Here are the daily charts and correlation coefficients for Bitcoin and Ethereum:
Research shows that the simple economics of supply and demand apply in the cryptocurrency world. The more popular a blockchain becomes in its early stages, the more value is assigned to each coin.
Our next step was building a Dynamic Proof-of-Stake logic to correspond to that outcome. For reference, this is similar to Uber’s surge pricing model. The general theory behind how it works is that when the number of riders looking for an Uber outweighs the number of drivers available (within a specific area) the price will go up for riders.
Two things are supposed to happen as a result of the price going up. It should reduce the quantity demanded (fewer people willing to pay a higher price for a ride) and raise the supply (more drivers want to come drive when their pay is higher). As a result of those two effects, Uber minimizes wait times for its riders and maximizes incentive for drivers.
For Storecoin, it means matching supply (validator power) and demand (number of transactions per second) efficiently at a high level. In general, the slower the block times are at the start, the higher the reward incentive must be for validators to get involved. We do this in a way that targets our annual inflation goals (which start at less than 5% and slowly decrease each year after).
In summary, we made significant progress on Storecoin and our Dynamic Proof of Stake consensus algorithm, which can be described as free transactions through a blockchain, paid for with a maximum of 5% inflation per year, spread out across 365 days, using a similar algorithm as Uber surge pricing.
Finally, in late August, our creator, Chris McCoy, traveled to Buenos Aires to visit with our blockchain engineering team, CoinFabrik.
For two days, they worked through critical business and engineering items and came away with a go-forth plan for the next phases of Storecoin research and development.
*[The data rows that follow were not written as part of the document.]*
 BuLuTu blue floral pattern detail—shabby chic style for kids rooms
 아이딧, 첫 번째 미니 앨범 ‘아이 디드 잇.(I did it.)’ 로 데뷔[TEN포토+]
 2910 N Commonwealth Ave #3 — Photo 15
While staying in downtown Buenos Aires, Chris enjoyed the incredible BBQ and the Malbec offered up by the city.
A few hours before landing in Buenos Aires, TechCrunch published Chris’ thoughts on the future of tokenization.
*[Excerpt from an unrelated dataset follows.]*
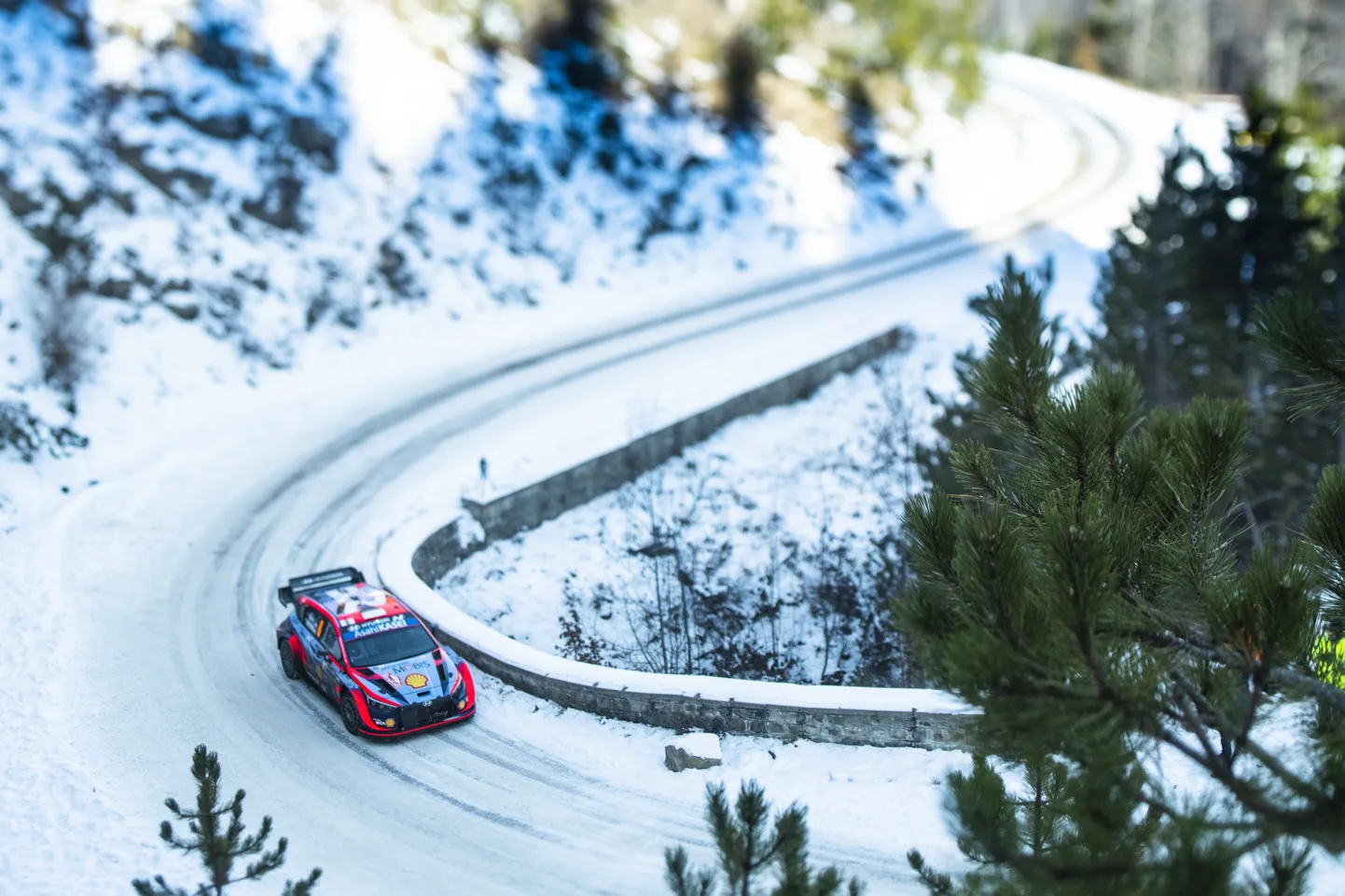 Viimaste aastate Monte Carlo rallid on olnud lumevaesed. See talvine foto Monte Carlo rallist pärineb 2022. aastast.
While on the trip, Chris engaged in conversation from the Twitter crowd, specifically Finance Twitter, led by Bloomberg Business.
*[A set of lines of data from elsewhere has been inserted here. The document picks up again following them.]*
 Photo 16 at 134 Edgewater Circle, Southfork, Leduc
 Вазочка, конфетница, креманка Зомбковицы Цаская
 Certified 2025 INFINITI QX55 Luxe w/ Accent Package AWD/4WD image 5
The TechCrunch piece was picked up by the popular aggregator MediaRedef.
Chris is now working on a follow-up piece to respond to questions from the Twitter finance crowd. He’ll team up with University of Oregon Professor Stephen McKeon who wrote these thoughts around tokenizing real-life assets.
On the legal front, Storecoin retained the services of Antone Johnson and Bottom Line Law Group to help with SEC compliance, legal documentation for token generation events, and token grants to various Storecoin Team members.
For its first invite-only token generation round, the Storecoin team’s goal is to fund 3 percent of its treasury.
On the engineering front, the team will begin security and load testing for our unique Dynamic Proof of Stake consensus algorithm.
We expect our September update to be much about that.
KYC/AML checks are required for securities law compliance
Nothing herein is intended to be an offer to sell or solicitation of offer to buy, Storecoin tokens or rights to receive Storecoin tokens in the future. In the event that Storecoin conducts an offering of Storecoin tokens (or rights to receive Storecoin tokens in the future), Storecoin will do so in compliance with all applicable laws which may include the Securities Act of 1933 and the rules and regulations promulgated thereunder, as well as applicable state and foreign law. Any offering for sale to US Persons in a regulated transaction will be pursuant to a registration statement qualified by the Securities and Exchange Commission, or an applicable exemption from the registration requirements.